→ REQUIRED ACTION
Copy the data below exactly. Any pictures in it should be omitted.

Data records:
● ● ● ● ●
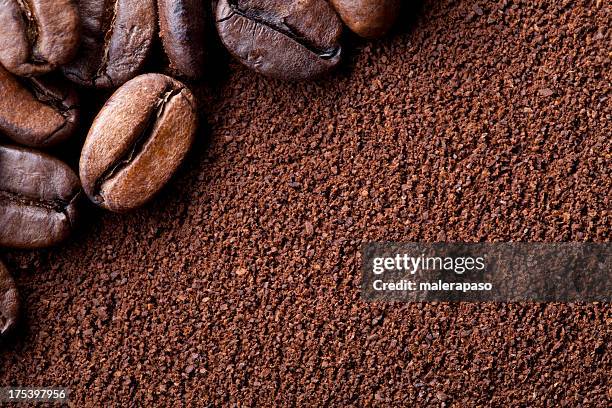 コーヒー豆 - 挽く ストックフォトと画像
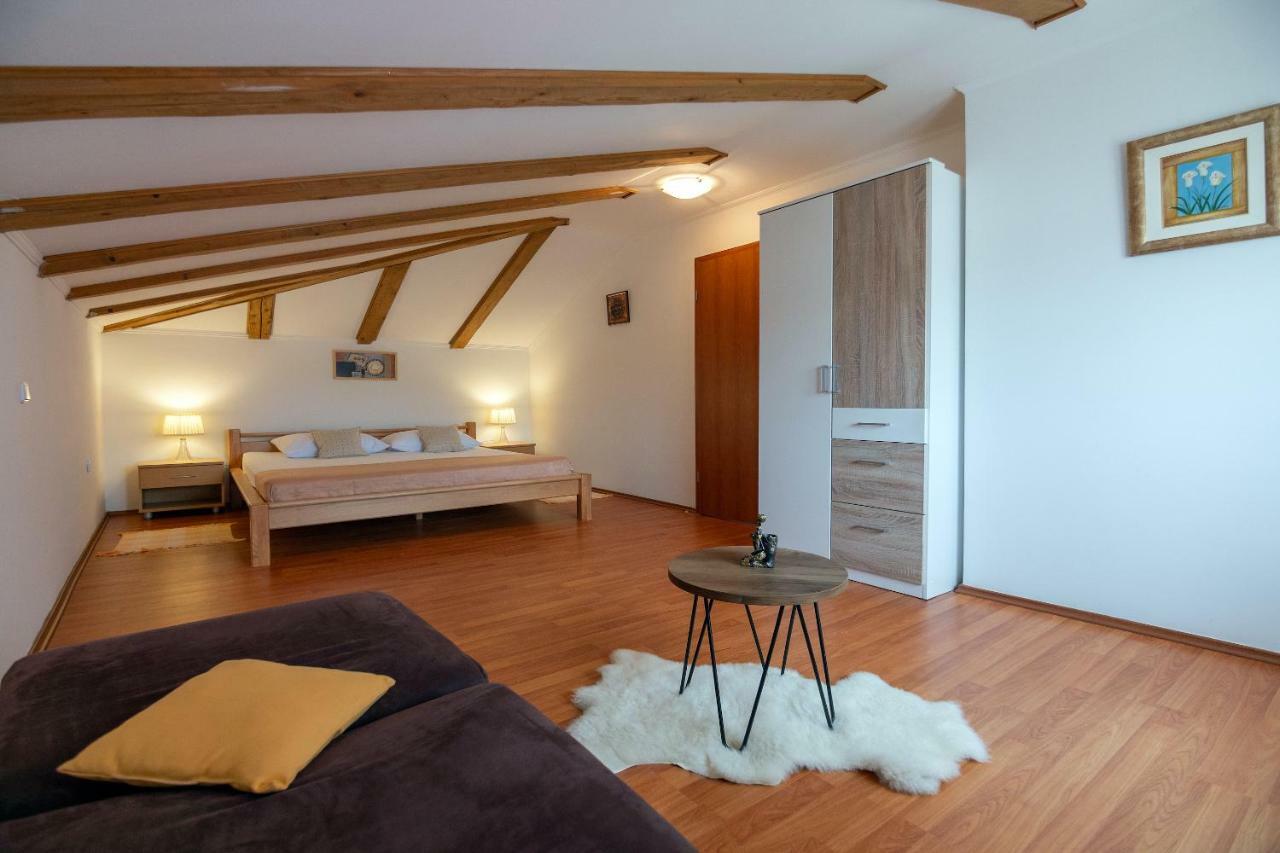 Apartmani Ivan Lopar Exteriér fotografie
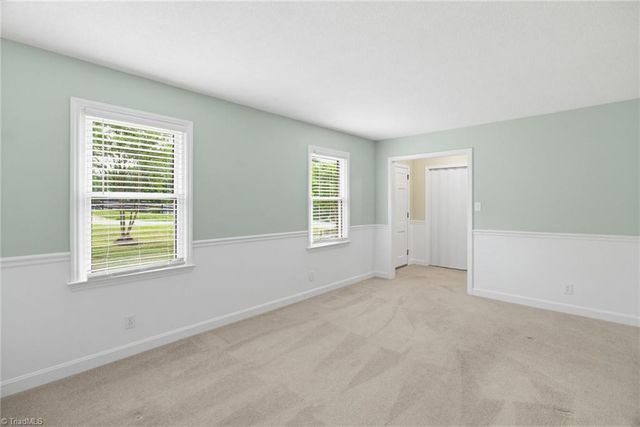 280 Hillsboro Drive, Winston-salem, NC 27104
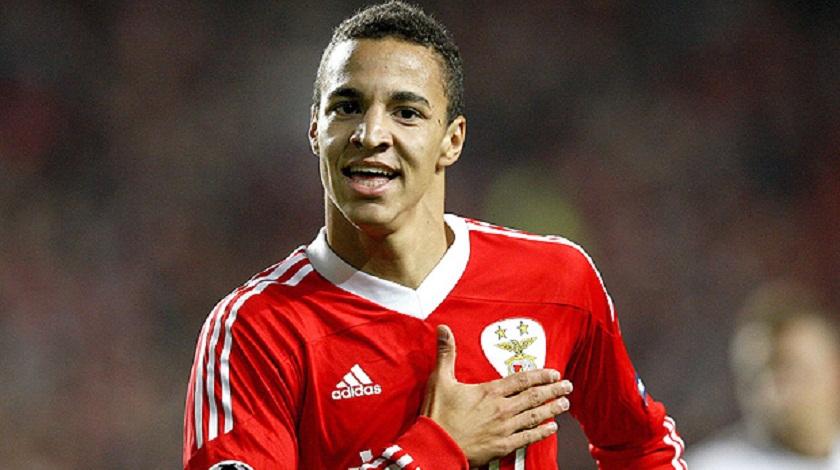 Πρώτη, αλλά με… συγκάτοικο!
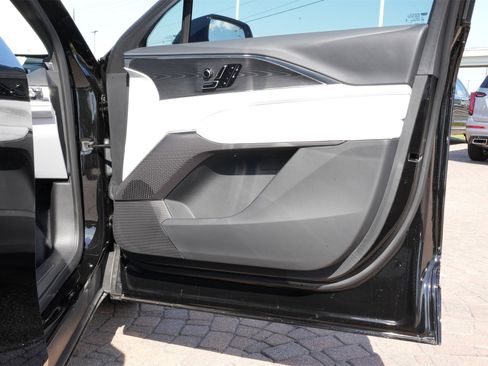 New 2025 Cadillac Lyriq Sport image 27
● ● ● ● ●
→ YOUR RESPONSE
 コーヒー豆 - 挽く ストックフォトと画像
 Apartmani Ivan Lopar Exteriér fotografie
 280 Hillsboro Drive, Winston-salem, NC 27104
 Πρώτη, αλλά με… συγκάτοικο!
 New 2025 Cadillac Lyriq Sport image 27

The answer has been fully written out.